Task statement => Your copy should match the entries exactly, with the pictures left out.

Data for analysis =>
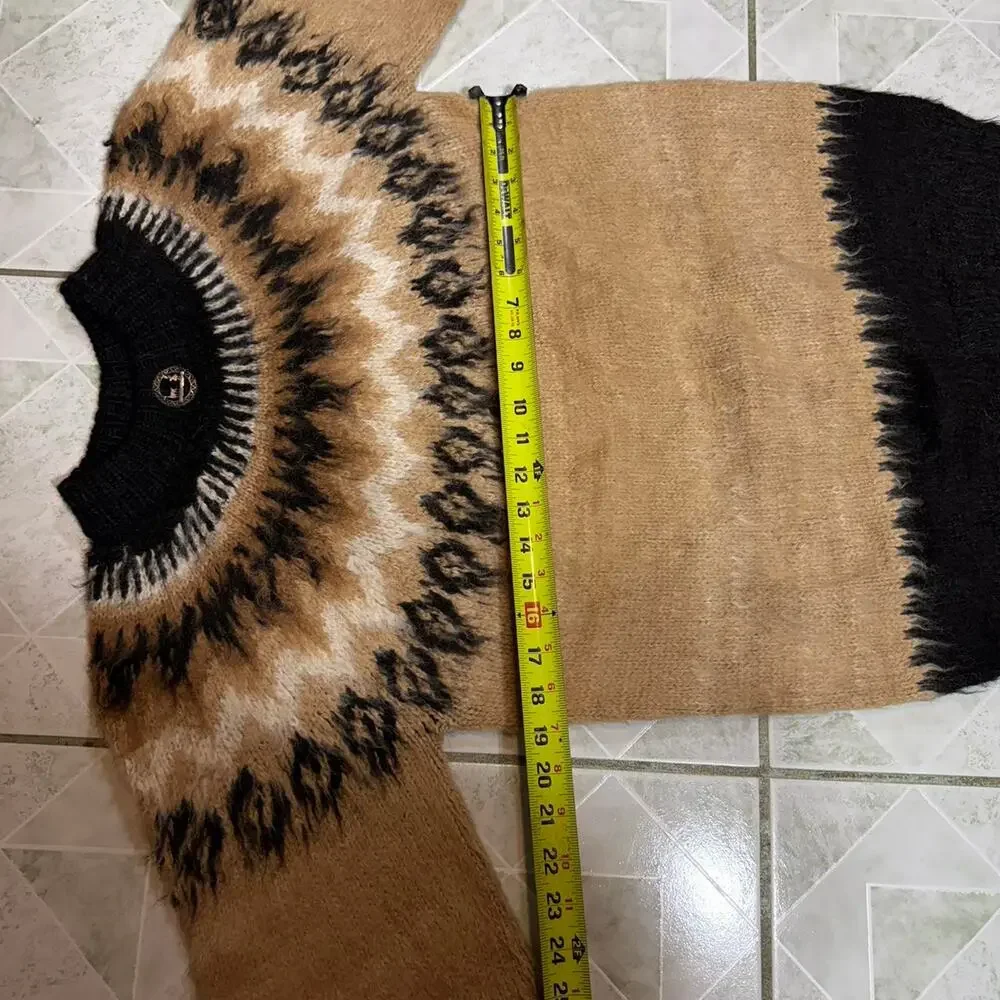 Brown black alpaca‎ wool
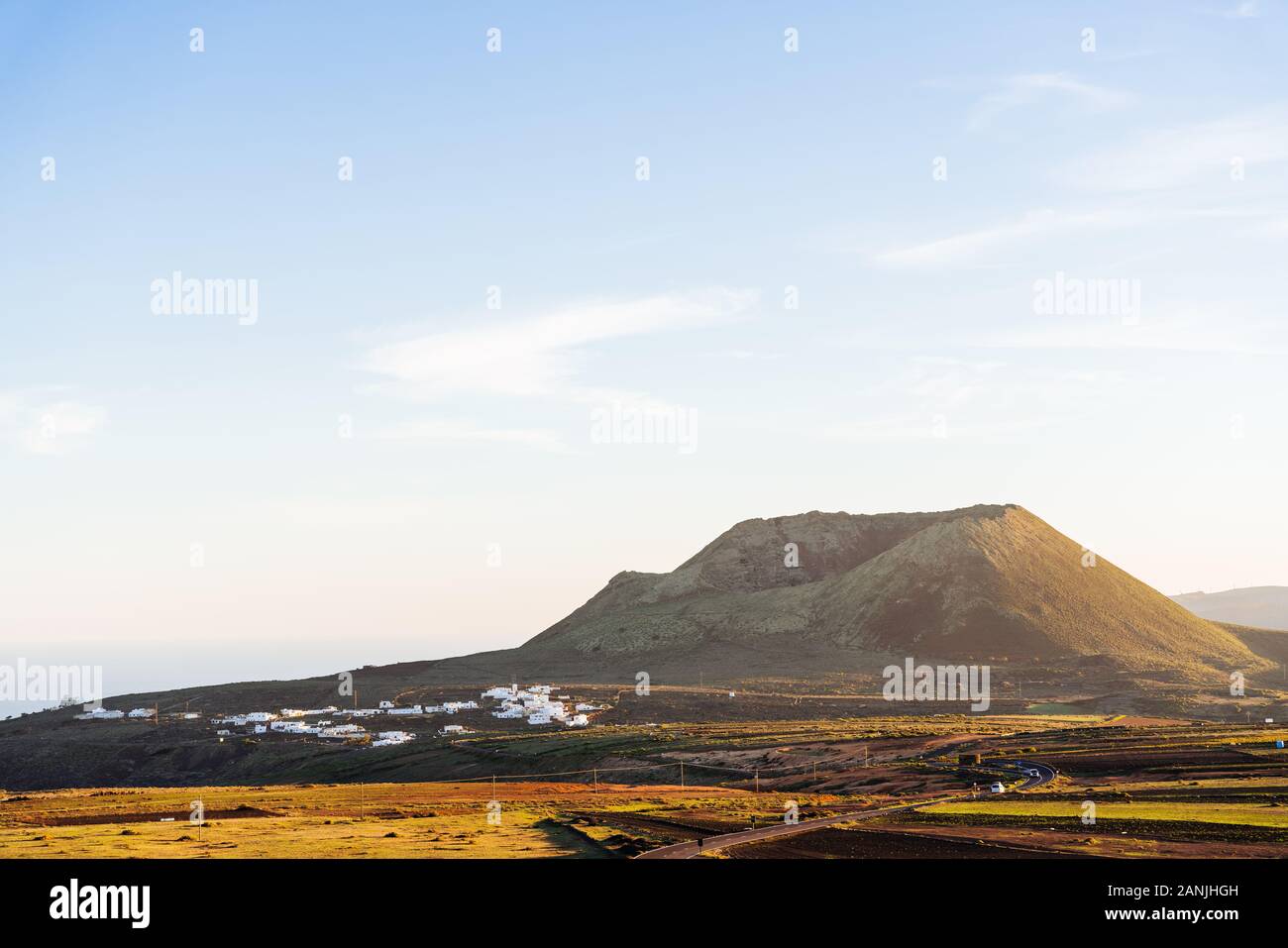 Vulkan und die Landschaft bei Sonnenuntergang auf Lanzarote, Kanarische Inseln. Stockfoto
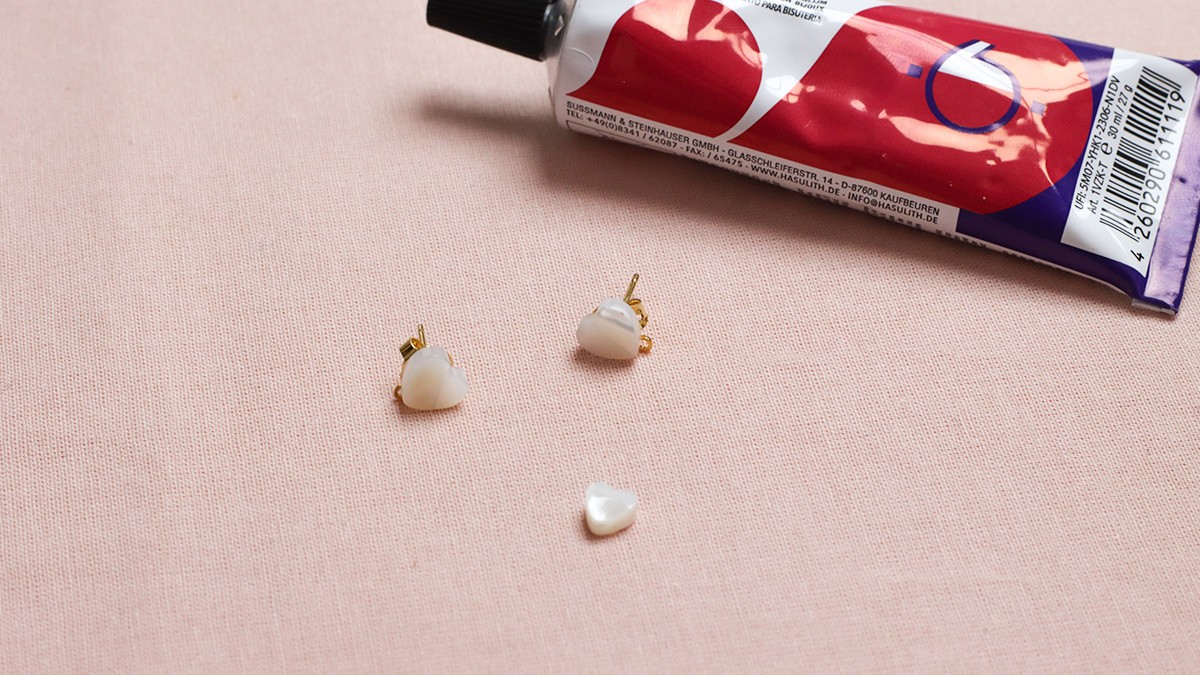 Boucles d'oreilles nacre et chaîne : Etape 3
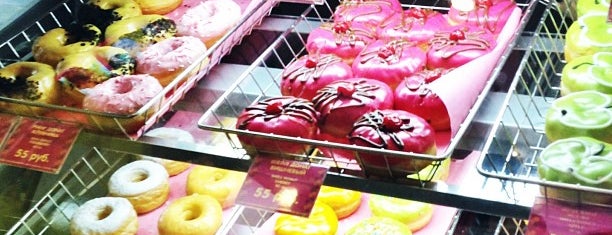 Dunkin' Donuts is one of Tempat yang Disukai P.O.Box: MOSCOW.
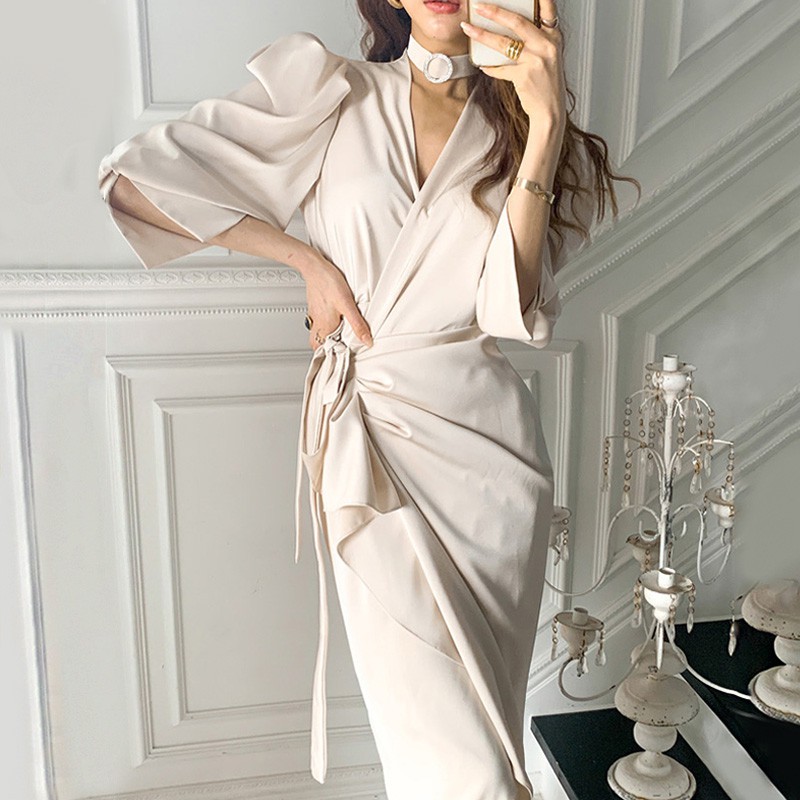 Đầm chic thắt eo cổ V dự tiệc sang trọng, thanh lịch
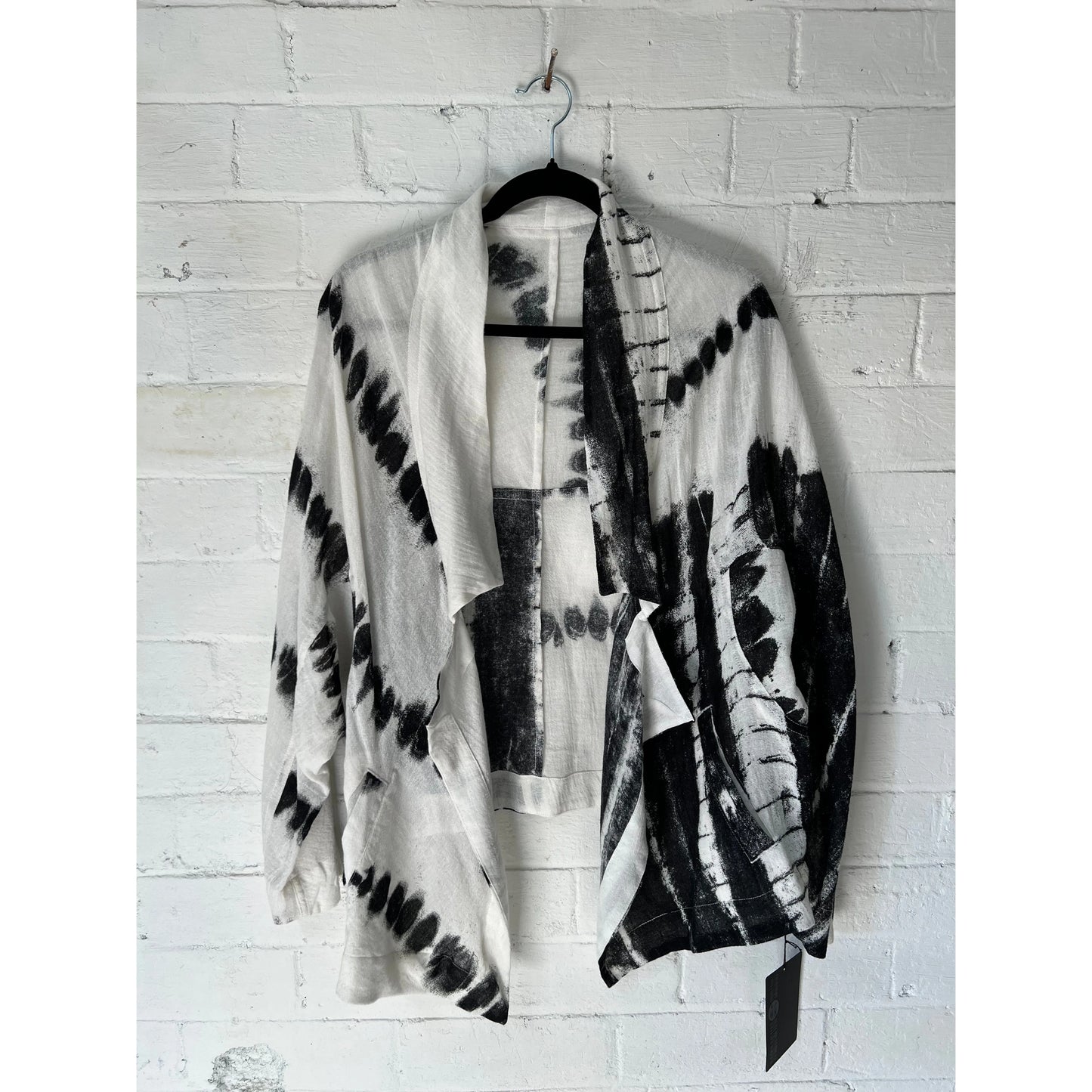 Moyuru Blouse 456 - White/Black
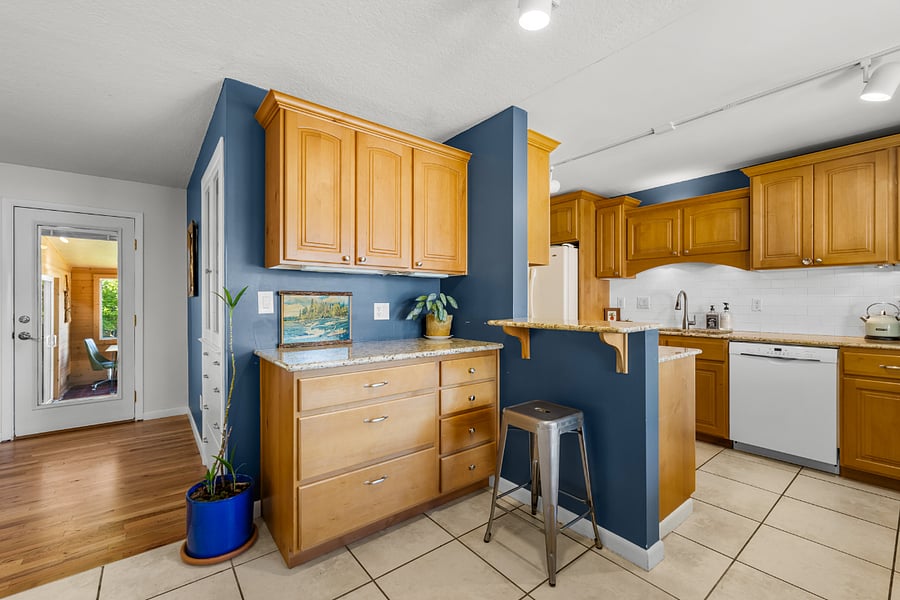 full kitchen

Output for this task =>
 Brown black alpaca‎ wool
 Vulkan und die Landschaft bei Sonnenuntergang auf Lanzarote, Kanarische Inseln. Stockfoto
 Boucles d'oreilles nacre et chaîne : Etape 3
 Dunkin' Donuts is one of Tempat yang Disukai P.O.Box: MOSCOW.
 Đầm chic thắt eo cổ V dự tiệc sang trọng, thanh lịch
 Moyuru Blouse 456 - White/Black
 full kitchen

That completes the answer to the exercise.